Your perception of motivation / willpower could be your shortfall!

Whichever way you want to look at it...lack of motivation, depleted willpower, loss of drive or lack of self discipline, this is the one thing that stops us in our tracks. 


Personally I don’t think you need the magical power of motivation to achieve your fitness goals, you don’t need to start you day like something off a Rocky montage…..although if your can train like that each day, then all power to you! Personally, I believe that if you just stick to some basic habits day to day you’ll get results and the momentum from those successful days will drive motivation and things will naturally get better and better. Kind of like a snowball rolling down a hill that just gets faster and faster and more of a force to be reckoned with!

However, I’m going to talk about habits, I’m going to talk about peoples perception of motivation / willpower. You see, there are two main ways to think about willpower:

  1. It's a limited resource that can be depleted in time

  2. It's like a muscle that can be developed

Both of these have merit when we look at the scientific literature; the former is demotivating and the latter can open up some incredibly inspiring doors and can motivate you in itself.

If you think of willpower as being a limited resource, then after one to two months of eating “clean” and training hard you will have used up your recourse and that’s when shit starts going wrong. Instead, at this point you should be an absolute Jedi at practising the art of self discipline!

One study done by Mark Muraven and his colleagues at the Department of Psychology, Case Western Reserve University, Cleveland, USA asked volunteers to follow a two-week regime to track their food intake, improve their moods or improve their posture. Compared to a control group, the participants who had exerted self-control by performing the assigned exercises were less vulnerable to willpower depletion in follow-up lab tests. In another study, he found that smokers who practiced self-control for two weeks by avoiding sweets or regularly squeezing a handgrip were more successful at quitting smoking than control subjects who performed two weeks of regular tasks that required no self-control, such as writing in a diary.

Interesting shit yeah!?

Now, let’s change our perception, let’s NOT think of motivation / willpower as us going for one big long run where we’re just getting more and more exhausted to the point where we need to stop. Instead, let’s think of it as a muscle, each time we go for a run our muscles develop and our cardiovascular systems improves, we get better and better. Essentially, each act of self discipline will develop us as human and exercise our ability to have self control! Have you ever thought that you’re an “all or nothing” type person, where you only eat healthy when exercising and only exercise when eating healthily, this is because you’re actively practicing the art of self discipline, therefore developing your willpower, this can positively spread in all areas of your life! 

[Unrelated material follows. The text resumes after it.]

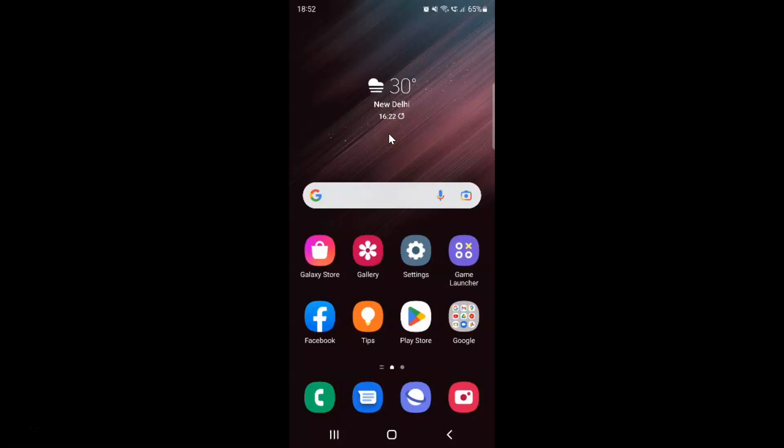Hi guys. In this video I will show you how to change recording quality in Voice Recorder on Samsung Galaxy S22 Ultra.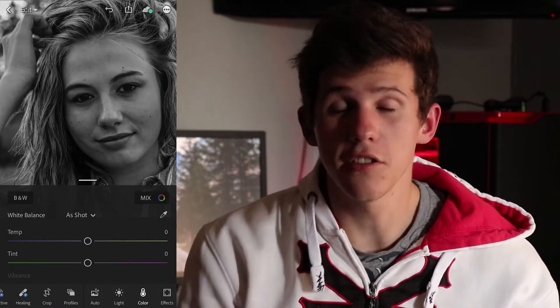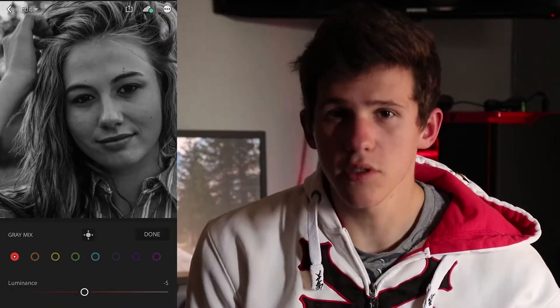Now if you go into the mix tab where we found the colors, you will see there's only one slider now. Because you are using black and white, you can't really change the saturation of colors since it's all been desaturated. You also can't change the hue because it's desaturated. With the luminance, it's essentially the brightness of specific colors.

Personally, I’ve not always had a great deal of self control, I have the Army to thank for that, anyone who’s had to stand still for 2 hours on a drill square….. and I mean not moving at all, knows a little bit about discipline. 

So, anytime you take the “healthy choice” at a restaurant, eat the lower calorie treat, say no to that 5th Jägerbomb, get your ass to the gym, do that final rep that makes all the difference or get up one hour earlier, just think of it as “developing your willpower muscle” and NOT “depleting it your willpower”


Muraven, M. et al. (1999). Longitudinal improvement of self-regulation through practice: building self-control strength through repeated exercise. Journal of Social Psychology, 139, 446-457.